[BUG] Deepspeed-Inference: support AutoTP for Llama-4 models
Describe the bug I was trying to run Deepspeed-Inference on Llama-4-Scout-Instruct for text generation purpose. The process failed when it started to load model.
I am running on a single node with 8 GPUs with 80GB of GPU memory on each: 8*80GB total. I used float16.
Here is the error message:
AutoTP: [(<class 'transformers.models.llama4.modeling_llama4.Llama4TextDecoderLayer'>, ['shared_expert.down_proj', 'self_attn.o_proj'])]
Loading 0 checkpoint shards: 0it [00:00, ?it/s][rank0]: Traceback (most recent call last):
[rank0]: ds_engine = deepspeed.init_inference(model, config=ds_inference_config)
[rank0]: ^^^^^^^^^^^^^^^^^^^^^^^^^^^^^^^^^^^^^^^^^^^^^^^^^^^^^^^^^^^
[rank0]: File "/usr/local/lib/python3.12/site-packages/deepspeed/__init__.py", line 364, in init_inference
[rank0]: engine = InferenceEngine(model, config=ds_inference_config)
[rank0]: ^^^^^^^^^^^^^^^^^^^^^^^^^^^^^^^^^^^^^^^^^^^^^^^^^^
[rank0]: File "/usr/local/lib/python3.12/site-packages/deepspeed/inference/engine.py", line 164, in __init__
[rank0]: self._apply_injection_policy(config, client_module)

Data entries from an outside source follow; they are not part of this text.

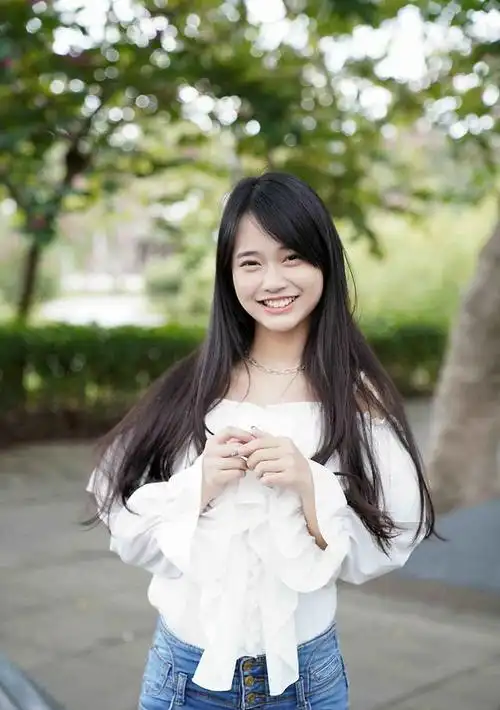 长相清纯的台湾姑娘,甜美笑容就像邻家女孩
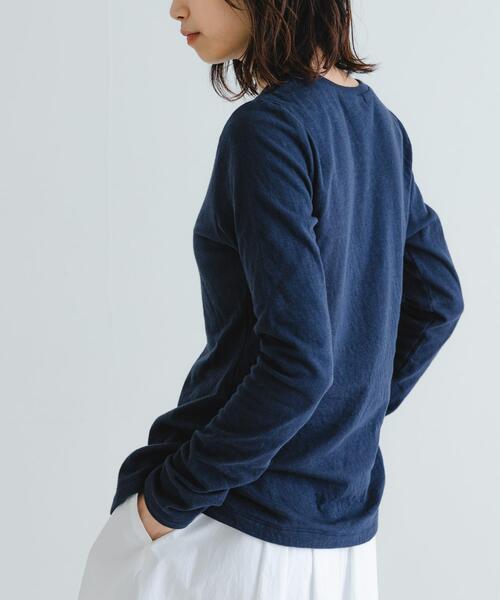 URBAN RESEARCH(アーバンリサーチ)の「『MADE IN JAPAN』セッケツクルーネックカーディガン(カーディガン/ボレロ・レディース・ネイビー/オフホワイト/グレー系その他・FREE)」の18枚目の写真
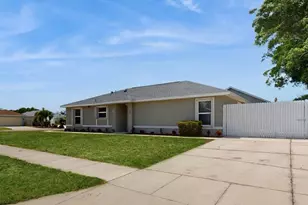 6602 38th Ave Cir W, Bradenton, FL 34209 - Photo 2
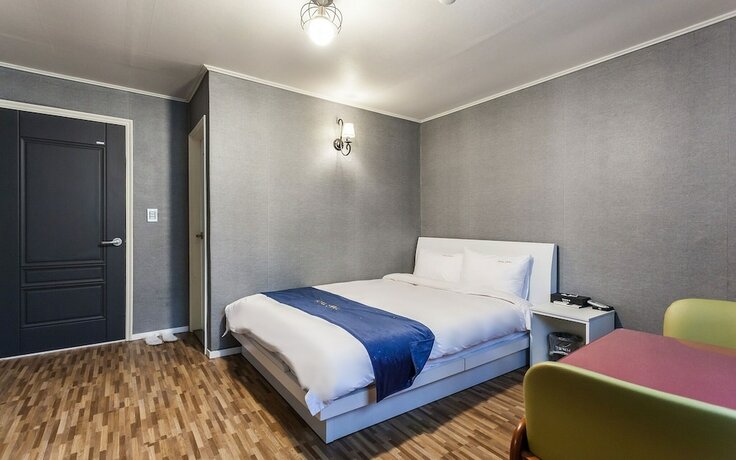 Imagen general del Hotel Pocheon Santorini. Foto 13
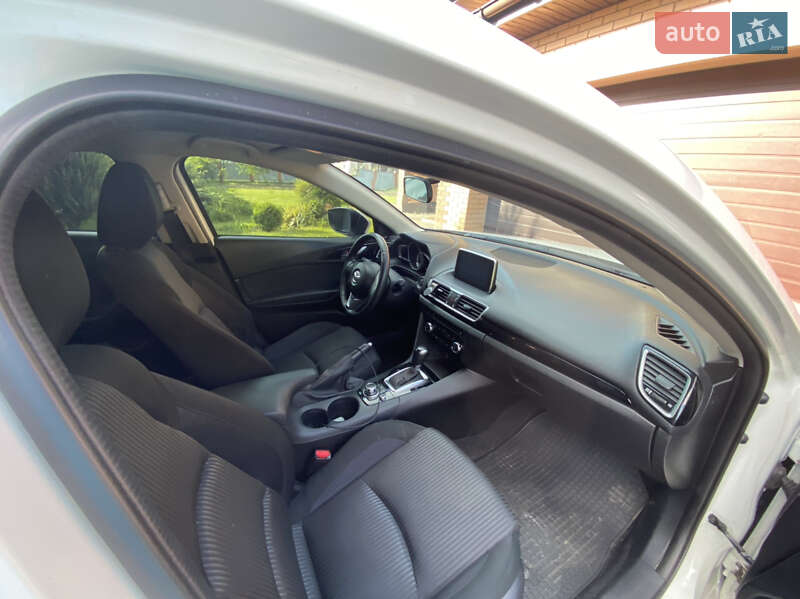 Седан Mazda 3 2015 в Киеве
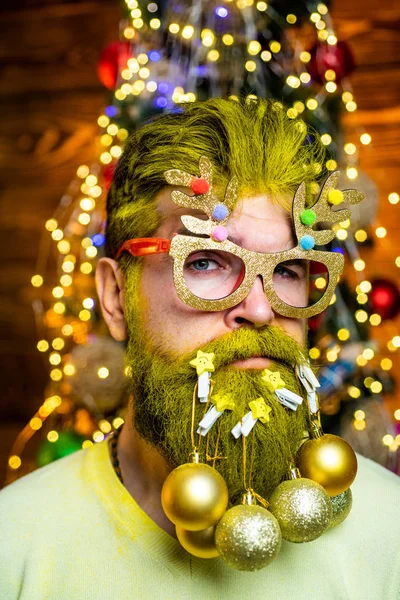 Día de Acción de Gracias y Navidad. Retrato de un brutal Santa Claus maduro. Moda, venta de compras y descuentos. Decoraciones de Navidad . — Foto de Stock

[rank0]: File "/usr/local/lib/python3.12/site-packages/deepspeed/inference/engine.py", line 388, in _apply_injection_policy
[rank0]: replace_transformer_layer(client_module, self.module, checkpoint, config, self.config)
[rank0]: File "/usr/local/lib/python3.12/site-packages/deepspeed/module_inject/replace_module.py", line 397, in replace_transformer_layer
[rank0]: if 'Yuan' in str(replaced_module):
[rank0]: ^^^^^^^^^^^^^^^
[rank0]: UnboundLocalError: cannot access local variable 'replaced_module' where it is not associated with a value
To Reproduce Steps to reproduce the behavior:
- Simple inference script to reproduce Here is a code snippet to reproduce the error:
import glob
import os
import deepspeed
import torch
from transformers import Llama4TextConfig, AutoModelForCausalLM
model_path = "./model_to_evaluate"
kwargs = {"torch_dtype": torch.float16, "attn_implementation": "sdpa"}
print(f"kwargs: {kwargs}")
model_config = Llama4TextConfig.from_pretrained(model_path, **kwargs)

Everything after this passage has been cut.